You also have to be able to work out a molecular formula from an empirical formula.

Before you go on, you should find and read the statement in your copy of the syllabus.


Finding empirical formulae from masses or percentages

If you have a formula like, say, CH4, you can read this as saying that 1 mole of carbon atoms are combined with 4 moles of hydrogen atoms.

In a different example, if you could work out that phosphorus and oxygen atoms combined together in the ratio of 2 moles of phosphorus atoms to 3 moles of oxygen atoms, then you would know that the empirical formula was P2O3.

You don't, of course know anything about the molecular formula. All you know is that the ratio is 2:3. The molecular formula could equally well be P4O6 or P6O9 or whatever.

You can find mole ratios from data involving either the masses or percentages of the combining atoms.


Finding empirical formulae from mass data

Suppose you found that 0.46 g of sodium formed 0.78 g of sodium sulfide. That means that 0.46 g of sodium combines with (0.78 - 0.46) g = 0.32 g of sulfur.

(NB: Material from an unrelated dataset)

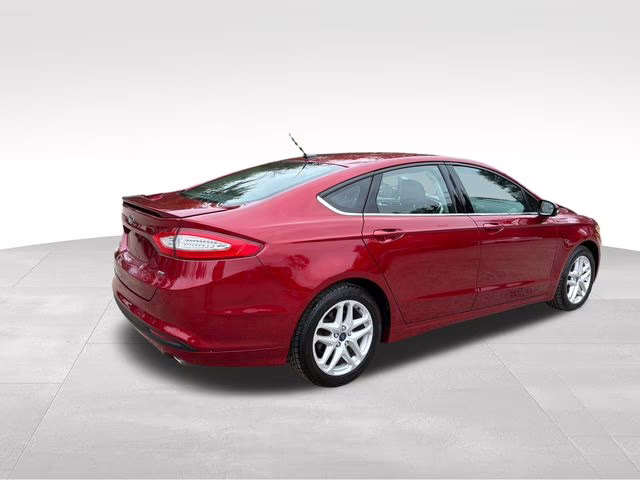 2014 Ruby Red Metallic Ford Fusion SE FWD Sedan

It is clearest if you set your answer out as a simple table:

NaS
mass0.46 g0.32 g
number of moles of atoms0.46/230.32/32
= 0.02= 0.01
ratio21

That would tell you that the empirical formula was Na2S.


Finding empirical formulae from percentage data

You might have been given the last example in a different form. You could have been told that the compound contained 59.0% of Na and 41.0% of S by mass.

That's not a problem. If you had 100 g of the compound, then the masses of sodium and sulfur would be 59.0 g and 41.0 g respectively. So use those figures in a sum like the last one. Try it, and make sure you get the same answer as before.


Note:  You may find that this time it isn't as easy to spot the ratio. If it isn't immediately obvious, try dividing through by the smallest number. That will almost invariably help.


Because this topic is covered in my chemistry calculations book (see pages 31 to 33), I can't go any further than this with online help. For reasons that I have explained on another page, all I can do in these cases is to refer you to the book.


Finding empirical formulae from combustion data

This isn't covered explicitly in my book, and so I can give a complete explanation here.

If you burn a compound containing carbon and hydrogen in an excess of air or oxygen, carbon dioxide and water are formed. If you can trap the water and carbon dioxide separately, you can find out what mass of each is formed. From that, you can work out the empirical formula.

How you do this varies slightly depending on whether the compound contains anything else as well as the carbon and hydrogen. We'll look at the two cases separately.


If the compound only contains carbon and hydrogen

A compound which only contains carbon and hydrogen is called a hydrocarbon. Look for this word in the question. You can only use this shorter method if you know that there is nothing else present.

Here's an example:

When 0.78 g of a hydrocarbon was burned in excess air, 2.64 g of carbon dioxide and 0.54 g of water were formed. Find the empirical formula of the hydrocarbon.

The important things to notice is that every mole of CO2 contains 1 mole of carbon atoms. Every mole of H2O contains 2 moles of hydrogen atoms.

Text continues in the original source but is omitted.